O futebol brasileiro, definitivamente, está passando por uma transição que vai muito além das quatro linhas. Alavancados pela Lei 14.193/2021, conhecida como Lei da SAF, a chegada de executivos C-level — profissionais de alto escalão, forjados em corporações, habituados a lidar com metas, EBITDA e relatórios trimestrais — promete mudar a forma como os clubes são geridos. E precisa mudar.
➡️Siga o Lance! no WhatsApp e acompanhe em tempo real as principais notícias do esporte
Mas sejamos francos: essa adaptação está longe de ser rápida e, muito menos, tranquila. Existe uma curva de aprendizado em andamento. De um lado, executivos que acreditam que o futebol funciona como qualquer outro negócio. De outro, um universo de muita sabedoria, porém, construído no empirismo, na cultural verbal e na emoção. Tudo isso em um ambiente volátil, hostil, de alta pressão e em um ecossistema viciado em imediatismo, onde o resultado de domingo vale mais do que qualquer planejamento de médio prazo. O choque cultural é inevitável.
A verdade é que ambos os lados precisam ceder
Os C-levels precisam aceitar que o futebol não é um mercado convencional. Na “bola”, a lógica do produto e do cliente é mais complexa. O torcedor não é um consumidor comum — ele é passional, irracional e, muitas vezes, incapaz de aceitar decisões que façam sentido no papel, mas firam o seu orgulho ou apego emocional.
Por outro lado, quem vive o futebol de lado de dentro — dirigentes tradicionais, conselheiros, profissionais de vestiário, atletas etc — precisa compreender que a conta precisa fechar. Que o modelo “gasta-se hoje e depois a gente vê” já quebrou clubes demais, e que é impossível sustentar competitividade sem gestão financeira, planejamento e governança.

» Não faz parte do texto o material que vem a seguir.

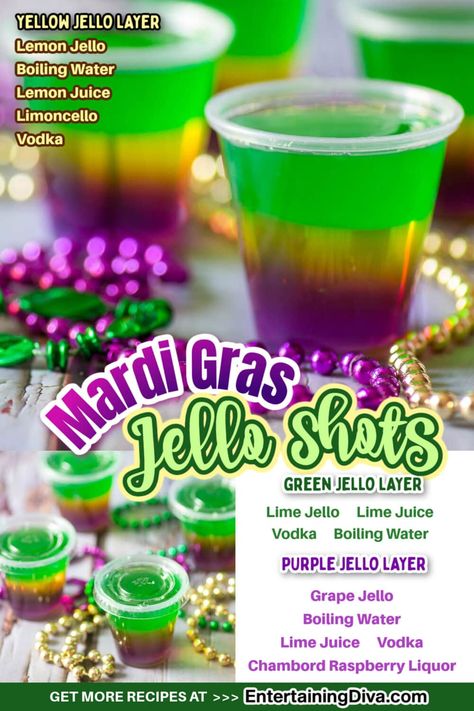 Mardi Gras Party Food, Brazil Party, Mardi Gras Drinks, Jello Shooters, Best Jello Shots, Jello Shots Vodka, Jello Shots Recipe, Mardi Gras Party Decorations, Green Jello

Futebol brasileiro vive de soluções emergenciais
E para apimentar ainda mais, a imprensa esportiva vive em um eterno dilema que consiste em pedir mudanças estruturais, trabalhos de longo prazo e, ao mesmo tempo, agradar ao público que a acompanha, que consome e pede o polêmico, o trágico, o bizarro e o cômico.
O futebol brasileiro vive, há muitas décadas, de soluções emergenciais. De dirigentes que trocam técnicos a cada três rodadas, de orçamentos inflados por dívidas impagáveis e de contratações por impulso para acalmar a arquibancada. Isso não se sustenta mais. Não em um cenário em que SAFs surgem, investidores chegam e a cobrança por resultados estruturais passa a ser real.
A boa notícia é que esse movimento é irreversível. Clubes estão se profissionalizando, investindo em estrutura, organizando suas finanças e contratando profissionais que, antes, sequer consideravam trabalhar no futebol. Mas o caminho será de atrito. Porque administrar paixão com racionalidade não é tarefa simples.
O desafio está em encontrar o ponto de equilíbrio. Saber que o futebol precisa ser sustentável, mas sem perder sua essência. Que a decisão de vender um ídolo ou de não contratar um medalhão precisa ter respaldo, mas também sensibilidade. Que a planilha e a paixão podem — e devem — conviver de uma forma mais harmônica.
No fim, o futebol continuará sendo decidido em campo. Mas se fora dele a gestão não for séria, estratégica e responsável, não haverá craque ou torcida capaz de impedir o fracasso.
O futebol mudou. Só falta avisar todo mundo.